Today there’s another piece of good news for Open XML developers: Eric White has added a new Get-DocxMetrics Cmdlet to the Open XML PowerTools, the latest step in a developer-focused reengineering of the PowerTools to make them even more flexible and useful to Open XML developers. As Eric explains in his blog post on the Open XML Developer site:
My latest foray is a new Cmdlet, Get-DocxMetrics, which returns a lot of useful information about a WordprocessingML document. A summary of the information it returns for a document:
- The style hierarchy – styles can inherit from other styles, and it is helpful to know what styles are defined in a document.

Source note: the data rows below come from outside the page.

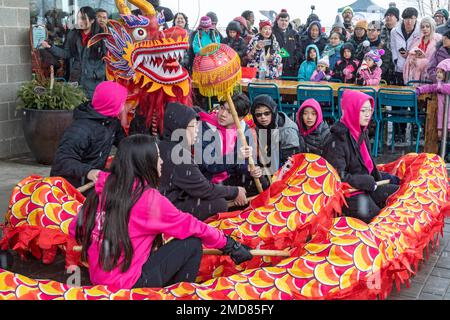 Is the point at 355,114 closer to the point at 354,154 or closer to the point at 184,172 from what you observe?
the point at 354,154

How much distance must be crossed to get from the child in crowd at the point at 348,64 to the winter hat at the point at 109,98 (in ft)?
16.9

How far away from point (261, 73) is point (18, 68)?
386 centimetres

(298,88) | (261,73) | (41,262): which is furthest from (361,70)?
(41,262)

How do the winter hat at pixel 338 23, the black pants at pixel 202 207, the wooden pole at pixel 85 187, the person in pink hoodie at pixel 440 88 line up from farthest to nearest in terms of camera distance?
1. the winter hat at pixel 338 23
2. the person in pink hoodie at pixel 440 88
3. the wooden pole at pixel 85 187
4. the black pants at pixel 202 207

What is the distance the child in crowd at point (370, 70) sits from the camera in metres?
8.88

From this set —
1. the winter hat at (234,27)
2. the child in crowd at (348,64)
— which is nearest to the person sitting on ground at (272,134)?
the child in crowd at (348,64)

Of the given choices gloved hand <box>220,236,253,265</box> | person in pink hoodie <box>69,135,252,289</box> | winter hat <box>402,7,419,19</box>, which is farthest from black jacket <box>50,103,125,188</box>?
winter hat <box>402,7,419,19</box>

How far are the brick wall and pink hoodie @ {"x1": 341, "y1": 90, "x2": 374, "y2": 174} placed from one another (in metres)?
4.83

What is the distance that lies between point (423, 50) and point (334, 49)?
5.51 ft

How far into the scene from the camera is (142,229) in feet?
10.2

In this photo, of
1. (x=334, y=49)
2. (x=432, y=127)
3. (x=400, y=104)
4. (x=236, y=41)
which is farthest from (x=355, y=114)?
(x=236, y=41)

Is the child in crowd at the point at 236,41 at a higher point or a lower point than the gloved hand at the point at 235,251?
higher

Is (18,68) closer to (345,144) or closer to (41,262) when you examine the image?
(41,262)

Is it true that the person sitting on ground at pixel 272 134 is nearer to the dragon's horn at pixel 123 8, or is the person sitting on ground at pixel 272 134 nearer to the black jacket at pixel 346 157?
the black jacket at pixel 346 157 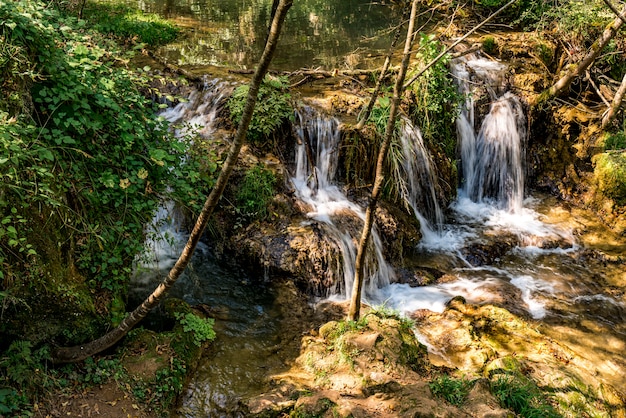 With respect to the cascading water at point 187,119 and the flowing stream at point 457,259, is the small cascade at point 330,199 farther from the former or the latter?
the cascading water at point 187,119

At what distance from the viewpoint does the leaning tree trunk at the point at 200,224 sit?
2995mm

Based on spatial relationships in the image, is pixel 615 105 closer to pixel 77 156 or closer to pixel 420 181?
pixel 420 181

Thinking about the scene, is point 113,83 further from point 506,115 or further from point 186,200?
point 506,115

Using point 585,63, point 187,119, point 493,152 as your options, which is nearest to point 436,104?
point 493,152

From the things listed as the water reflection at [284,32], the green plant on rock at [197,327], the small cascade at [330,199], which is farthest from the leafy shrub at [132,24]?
the green plant on rock at [197,327]

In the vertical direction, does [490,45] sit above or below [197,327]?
above

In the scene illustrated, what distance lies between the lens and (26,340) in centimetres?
400

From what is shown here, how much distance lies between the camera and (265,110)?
815cm

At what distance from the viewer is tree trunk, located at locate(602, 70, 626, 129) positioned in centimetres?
984

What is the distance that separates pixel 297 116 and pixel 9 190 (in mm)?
5509

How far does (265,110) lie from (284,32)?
695 centimetres

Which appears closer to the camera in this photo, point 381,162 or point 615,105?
point 381,162

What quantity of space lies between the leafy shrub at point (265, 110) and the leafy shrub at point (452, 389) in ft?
16.5

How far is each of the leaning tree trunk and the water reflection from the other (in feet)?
25.4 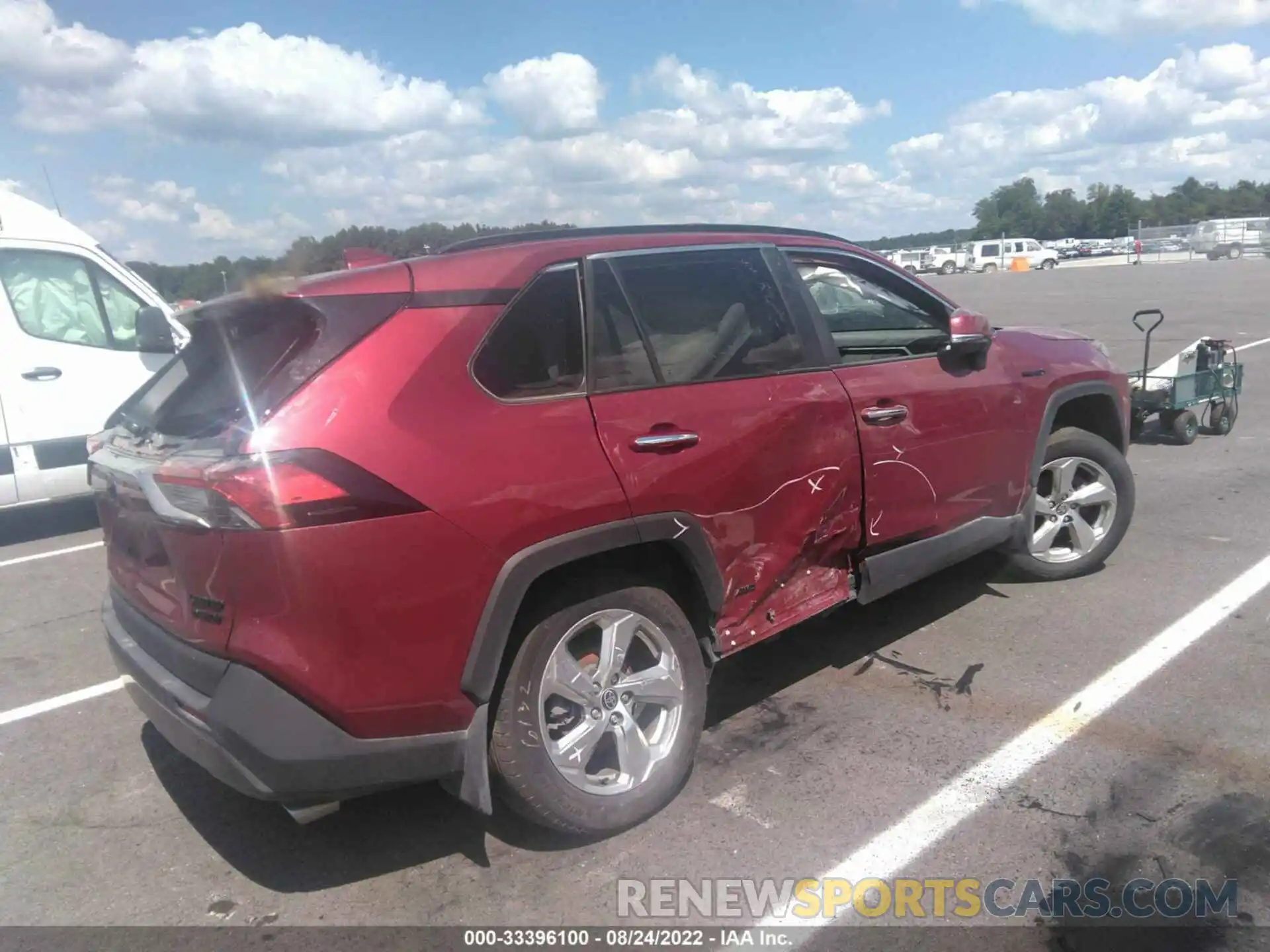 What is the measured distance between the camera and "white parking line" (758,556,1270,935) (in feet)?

- The content control hierarchy. We can examine the hierarchy, and design an XSD schema to validate them.
- The list of languages used in a document, such as en-US, fr-FR, and so on.
- Whether a document contains tracked revisions, text boxes, complex fields, simple fields, altChunk content, tables, hyperlinks, legacy frames, ActiveX controls, sub documents, references to null images, embedded spreadsheets, document protection, multi-font runs, the list of numbering formats used, and more.
- Metrics on how large the document is, including element counts, average paragraph lengths, run count, zero length text elements, ASCII character counts, complex script character counts, East Asia character counts, and the count of runs of each of the variety of characters.
Get-DocxMetrics sounds like a viable way to generate statistics on a collection of OpenXML files to determine what features of OpenXML are actually in use by an enterprise or government. That would make creation of specialized tools for such entities a far more certain proposition.
Output from such analysis would be a nice input into a topic map for purposes of mapping usage to other formats. What maps?, what misses?, etc.
Looking forward to hearing more about this tool in the new year!